Functional outcome and radiographic measures
The clinical and radiologic follow-up was at 1, 3, 6, 12 and 24 months after the operation. The visual analog scale (VAS), Constant scores  and American Shoulder and Elbow Surgeons (ASES) scores  were used as the clinical assessments for shoulder function. Radiographs were performed 2 days after surgery and at each follow-up. Anteroposterior radiographs for the bilateral AC joints and axillary radiographs for the injured side were collected. All radiographic measurements were made using the Picture Archiving and Communications System (GE Healthcare, Chicago, IL, USA). We measured the coracoclavicular (CC) vertical distance (CCD) on the preoperative and postoperative x-rays. The CCD was the vertical distance between the top-most border of coracoid and the lowest border of the clavicle. We compared the CCD of the injured and uninjured sides and defined CCD ratio as (CCDin-CCDun) /CCDun*100%. We also measured the clavicular length (CL), which was the length from the medial border of the clavicle to the lateral border, the distance from the lateral border of the clavicle to the center of clavicle bone tunnel (CTD) and defined the clavicular tunnel ratio (CTR) as CTD/CL*100%. The angle between the two midlines of the clavicle bone tunnel and the coracoid bone tunnel (CCα) were also mesdured on the anteroposterior x-ray (Fig. 3).

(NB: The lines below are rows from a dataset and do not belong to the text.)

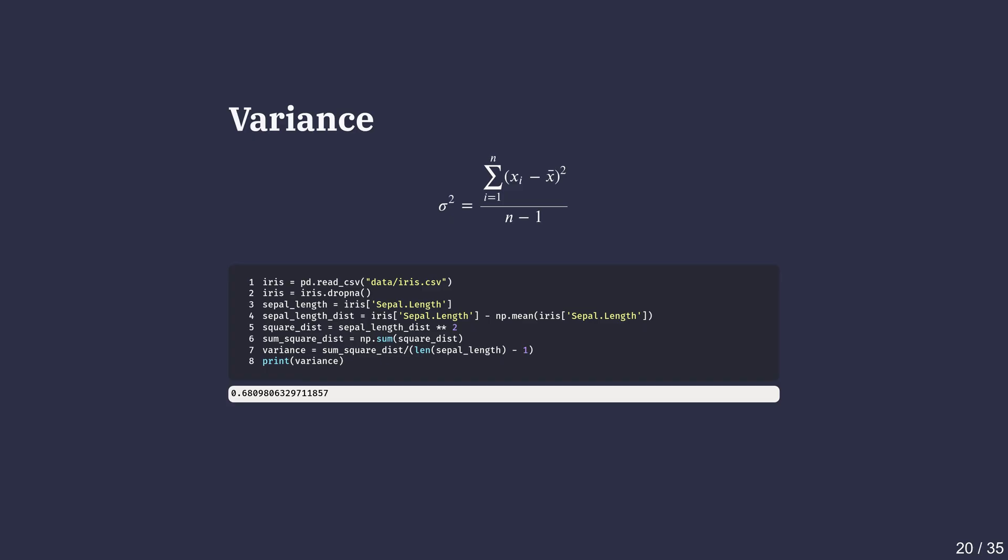That's the variance. We are subtracting 1 from the total data points because this is an approximation of the sample dataset and not the population dataset. As we can see, the variance is 0.68 centimeters squared.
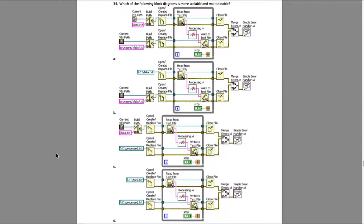Coming back to the question, if you look very carefully, option A is using the relative file path, while the rest of the examples — B, C, and D — are using either one absolute path or both absolute paths.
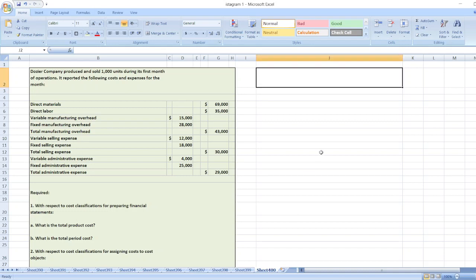Hey guys, the question is: Dozier Company produced and sold 1,000 units in its first month of operation. It reported the following costs and expenses for the month. The data is available in the description box. With respect to cost classification for preparing financial statements, what is the total product cost and total period cost?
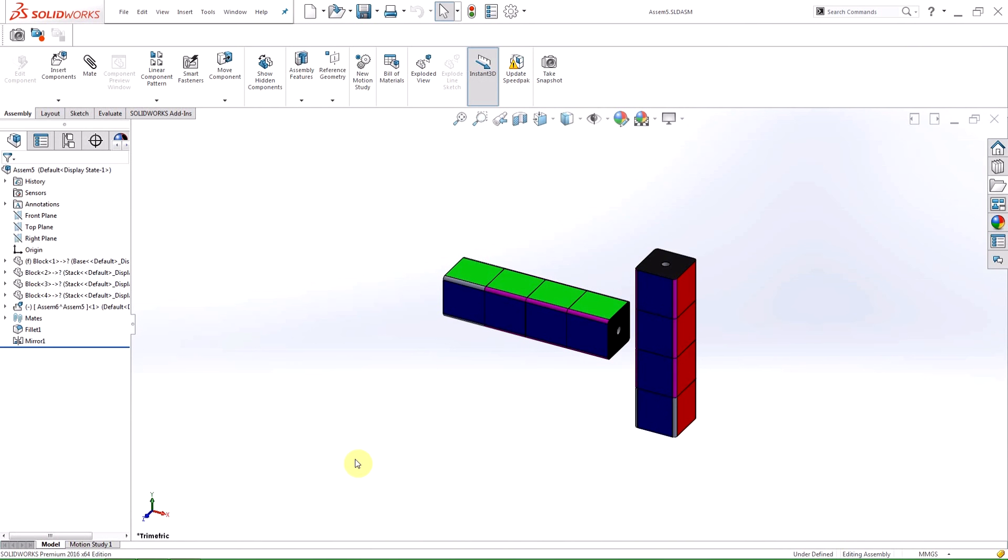Hi, my name is Dane and I'm an Applications Engineer for Hawkridge Systems. Today I'm going to be showing you some new additions SolidWorks has made to assemblies in 2016 with a focus on sub-assemblies.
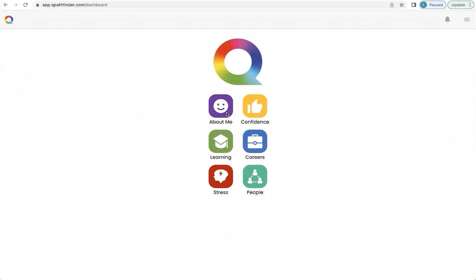How do you navigate and understand your unique Q and get the best out of it? This is what this video is about. This home screen appears on your smartphone or dashboard, whichever you prefer to use, when you've completed the queue questionnaire and your personalized queue is ready.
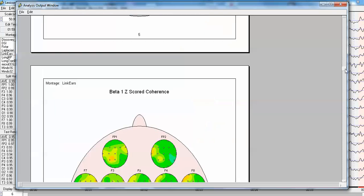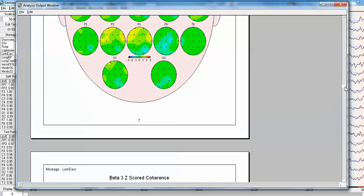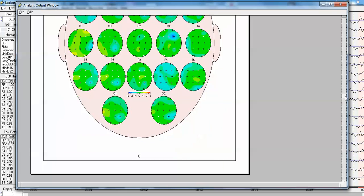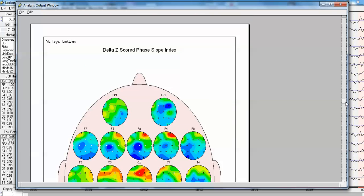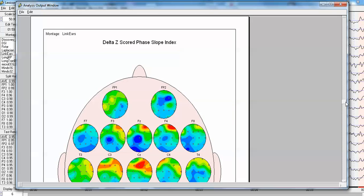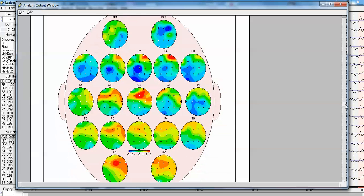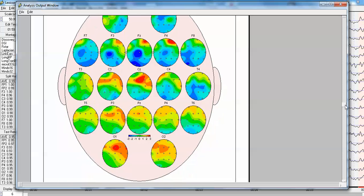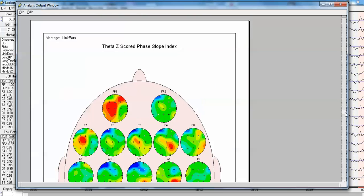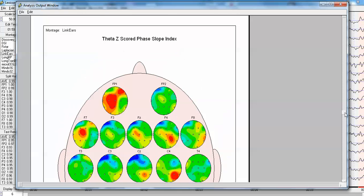And next, we're going to take a look at the phase slope index to see the kind of information the phase slope index provides as complementary to the coherence.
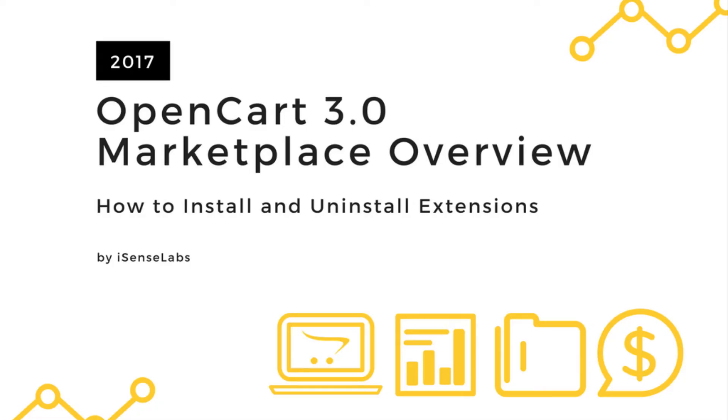Hello and welcome to our new OpenCart 3 tutorial. Today we will introduce you to the new marketplace section in your OpenCart 3 admin panel.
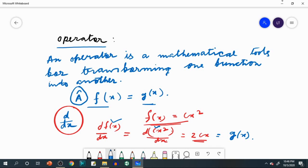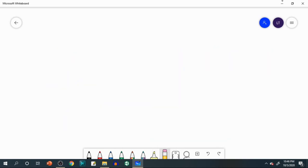Now I am coming to another important topic: what is called the eigenfunction. An eigenfunction is a type of function such that when any operator acts upon that function, the function itself is regenerated multiplied by a constant. This constant is known as the eigenvalue.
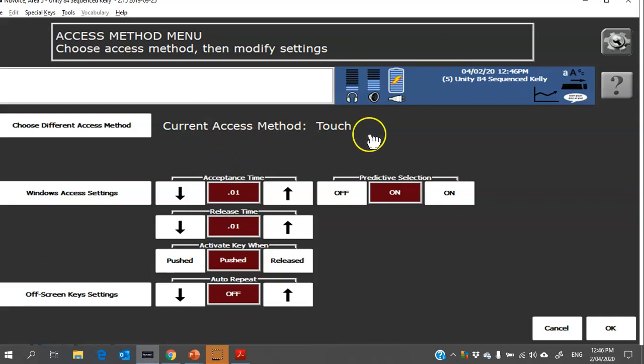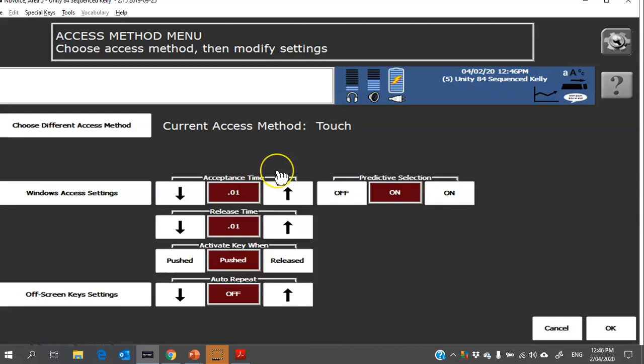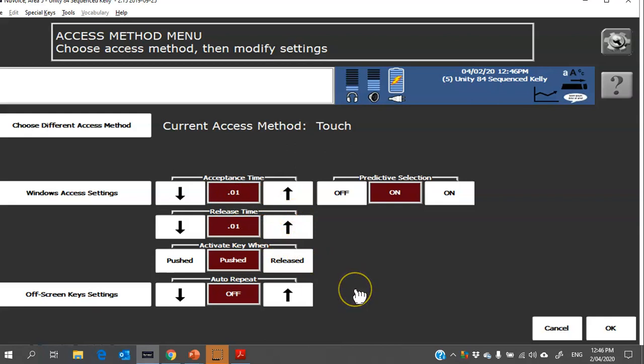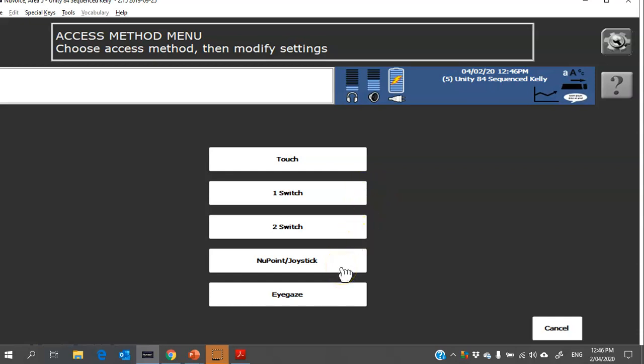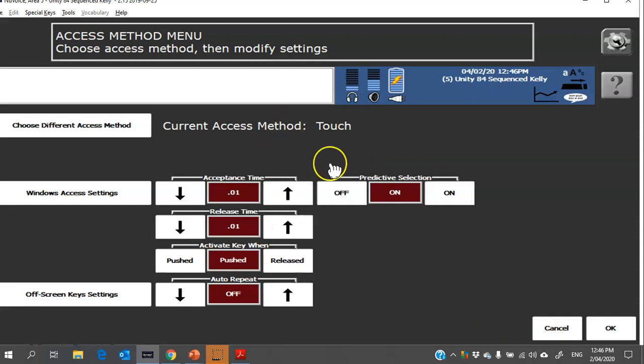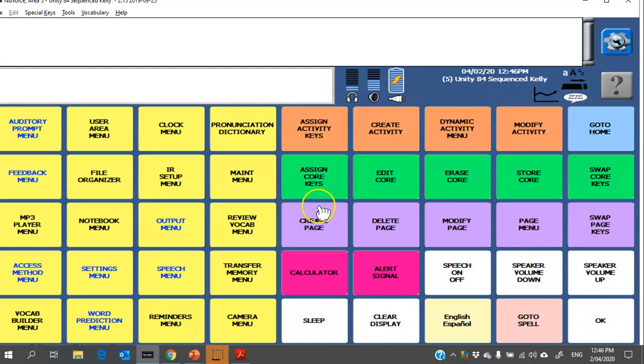You can see at the moment it's set on touchscreen and there are some settings down here: acceptance time, how long the person has to hold each cell for it to activate; release time, how long they have to have their finger off before it activates another button. These settings can be changed depending on the person's fine motor skills and needs. If you need to choose a different access method, that button's just up here and this is where you can change the device to be activated by one switch, two switch, NuPoint or joystick, or eye gaze. If you need more information about these access methods, please don't hesitate to contact us. So I'm happy with touch and the standard settings that are there, so I'm going to click OK.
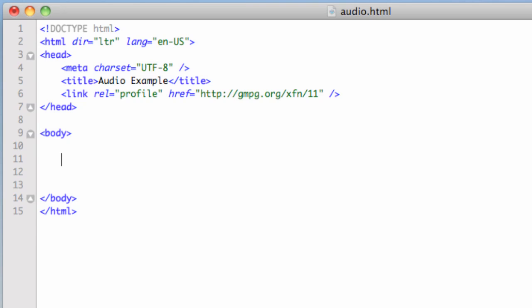That was fine. The downside was you had to develop a player from the ground up, especially before pre-built Flash components existed. You had to go in and style it, do the graphics, and everything — it was a lot of work. But now, what is really cool is HTML5 has native support for audio and video. So I'm going to show you how to embed audio files. What we're going to use is the audio tag.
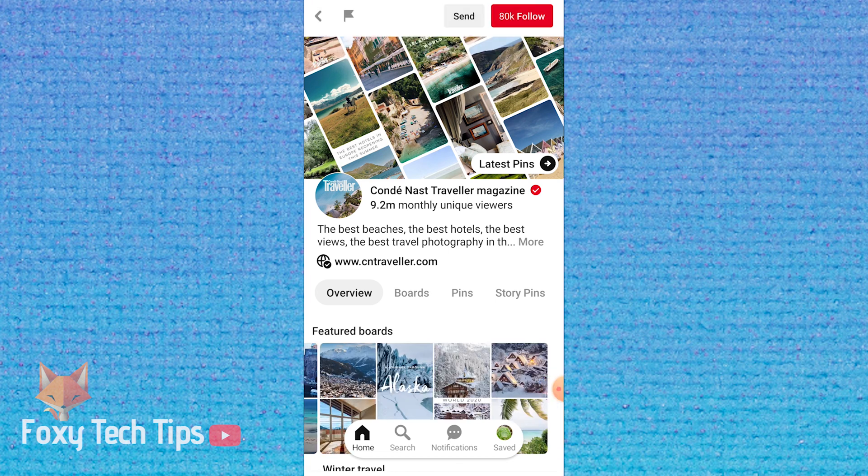And that draws an end to this tutorial. Please like the video if you found it helpful and subscribe to Foxy Tech Tips for more Pinterest tips and tricks.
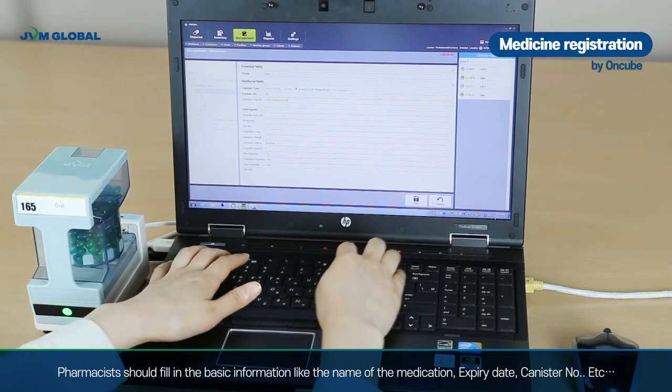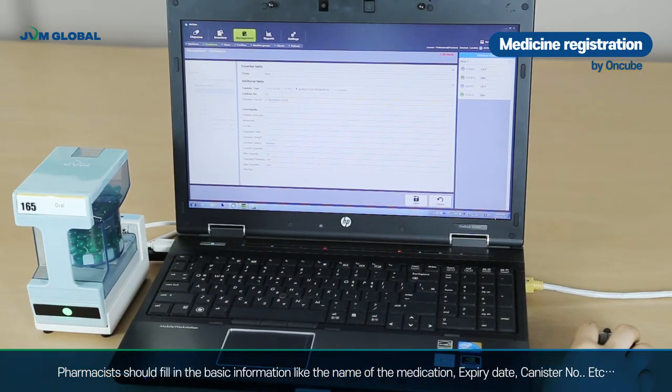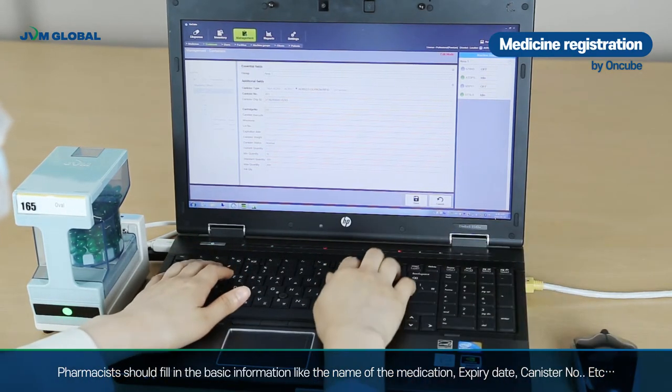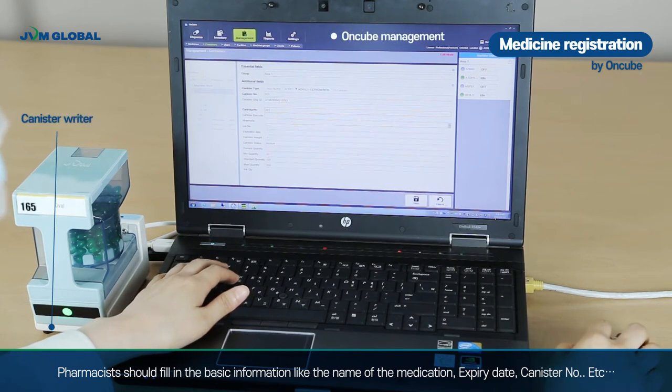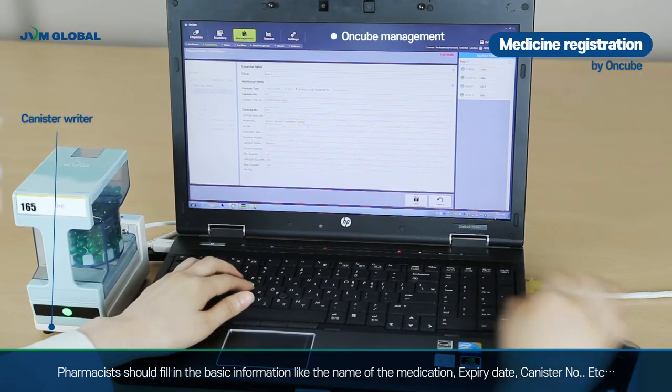Pharmacists should fill in the basic information such as the name of the medications, the expiry date, and the canister number.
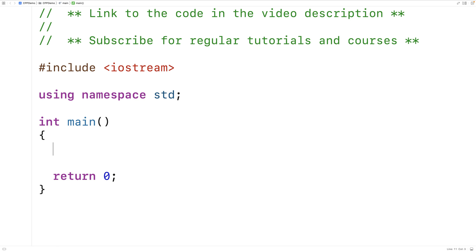In this video, we're going to learn about default arguments in C++. Default arguments are also known as default parameters, and the idea is that we're going to supply default values for the parameters of a function.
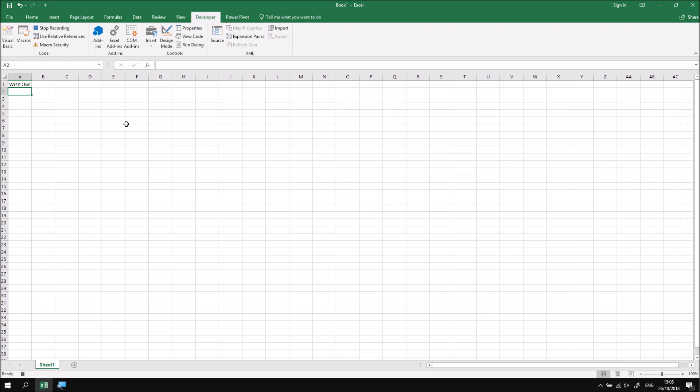There's a nice, quick, convenient keyboard shortcut that allows you to do that in Excel. If you hold down the Ctrl key and press the semicolon key, that types in the current date. So again, I'm going to press Enter at that point.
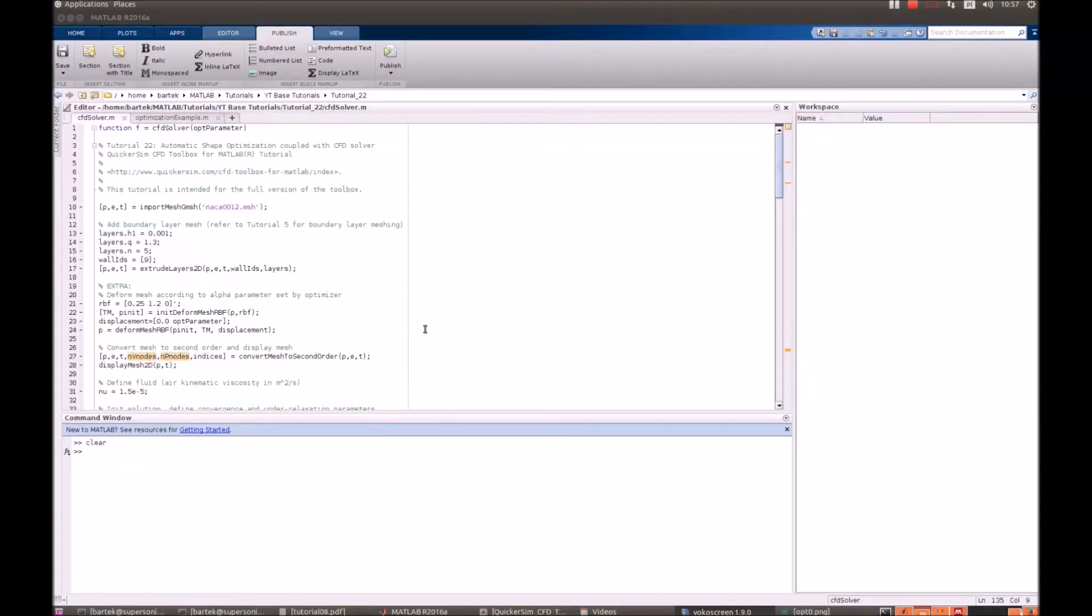Hello, welcome to the QuickerSim CFD Toolbox from MATLAB tutorial number 22.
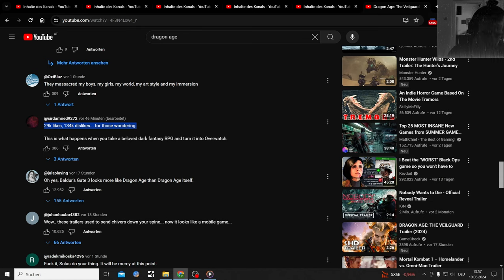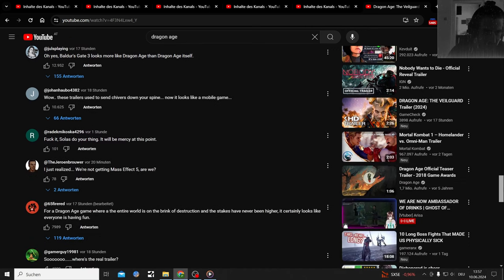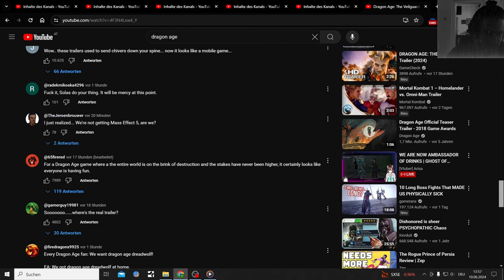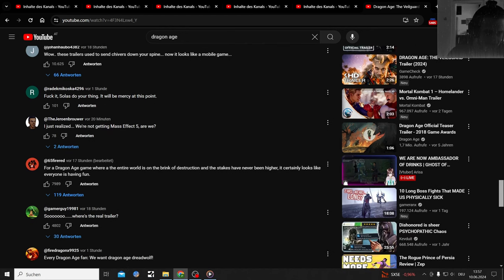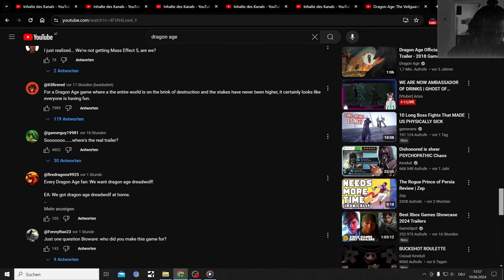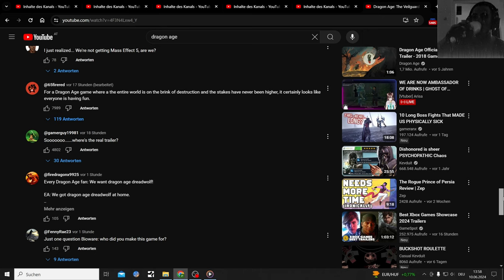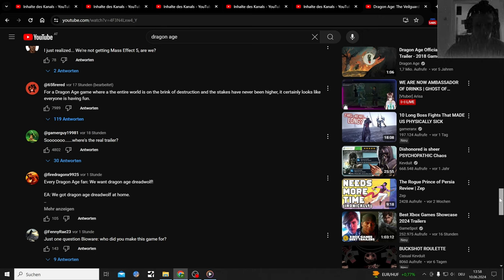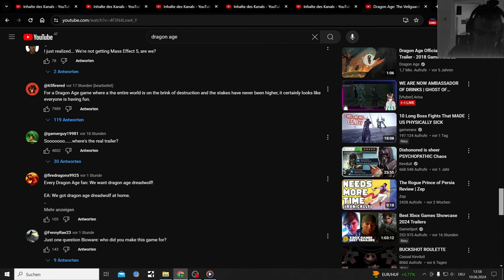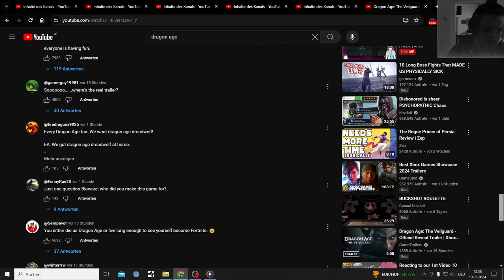Whereas Baldur's Gate 3 looks more like Dragon Age than Dragon Age itself. Never played Baldur's Gate, sadly. I was too busy at the time with other games. Wow, these trailers used to send shivers down your spine. Now it's like a mobile game. It looks like they had fun doing it and that's all that matters.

The measurement data were presented as the means ± standard deviation. The CCD, CCD ratio and CL were compared with unpaired Student t test. The functional scores and radiographic differences between preoperative and postoperative results were compared with the paired Student t test and Wilcoxon signed rank test. Statistical analyses were performed using SPSS 22.0 software (IBM, Armonk, NY, USA). P < .05 was considered statistically significant.